_Directions for this task_
Each line below from the one containing "Anti-Pilling Anti-Shrink Durable" through the one containing "Sign ROOF ACCESS" should be output exactly as it stands, and no other line should appear.
BEGIN
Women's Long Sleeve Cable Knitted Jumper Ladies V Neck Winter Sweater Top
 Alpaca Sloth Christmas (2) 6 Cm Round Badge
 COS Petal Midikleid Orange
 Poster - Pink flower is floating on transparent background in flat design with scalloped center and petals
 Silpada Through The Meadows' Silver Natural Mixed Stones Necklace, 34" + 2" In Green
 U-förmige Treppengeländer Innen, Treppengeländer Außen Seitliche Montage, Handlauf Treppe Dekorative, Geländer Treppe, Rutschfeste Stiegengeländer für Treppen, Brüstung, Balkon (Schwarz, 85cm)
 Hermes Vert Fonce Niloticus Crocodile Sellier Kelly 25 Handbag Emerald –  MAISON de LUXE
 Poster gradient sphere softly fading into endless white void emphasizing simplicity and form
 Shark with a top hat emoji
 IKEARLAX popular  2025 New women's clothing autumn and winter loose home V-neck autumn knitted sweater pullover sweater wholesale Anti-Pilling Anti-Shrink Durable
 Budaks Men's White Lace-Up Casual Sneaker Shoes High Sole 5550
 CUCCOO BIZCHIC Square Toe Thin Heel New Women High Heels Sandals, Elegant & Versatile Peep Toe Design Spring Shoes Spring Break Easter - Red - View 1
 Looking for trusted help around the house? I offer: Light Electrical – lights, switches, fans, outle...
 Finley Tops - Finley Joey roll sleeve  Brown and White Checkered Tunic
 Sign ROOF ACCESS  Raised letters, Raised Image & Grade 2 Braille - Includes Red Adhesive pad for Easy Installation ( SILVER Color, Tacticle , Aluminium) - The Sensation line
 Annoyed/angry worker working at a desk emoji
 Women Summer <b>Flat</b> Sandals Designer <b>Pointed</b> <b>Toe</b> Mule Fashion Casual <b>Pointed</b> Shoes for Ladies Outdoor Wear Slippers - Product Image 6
END
_Solution_
 IKEARLAX popular  2025 New women's clothing autumn and winter loose home V-neck autumn knitted sweater pullover sweater wholesale Anti-Pilling Anti-Shrink Durable
 Budaks Men's White Lace-Up Casual Sneaker Shoes High Sole 5550
 CUCCOO BIZCHIC Square Toe Thin Heel New Women High Heels Sandals, Elegant & Versatile Peep Toe Design Spring Shoes Spring Break Easter - Red - View 1
 Looking for trusted help around the house? I offer: Light Electrical – lights, switches, fans, outle...
 Finley Tops - Finley Joey roll sleeve  Brown and White Checkered Tunic
 Sign ROOF ACCESS  Raised letters, Raised Image & Grade 2 Braille - Includes Red Adhesive pad for Easy Installation ( SILVER Color, Tacticle , Aluminium) - The Sensation line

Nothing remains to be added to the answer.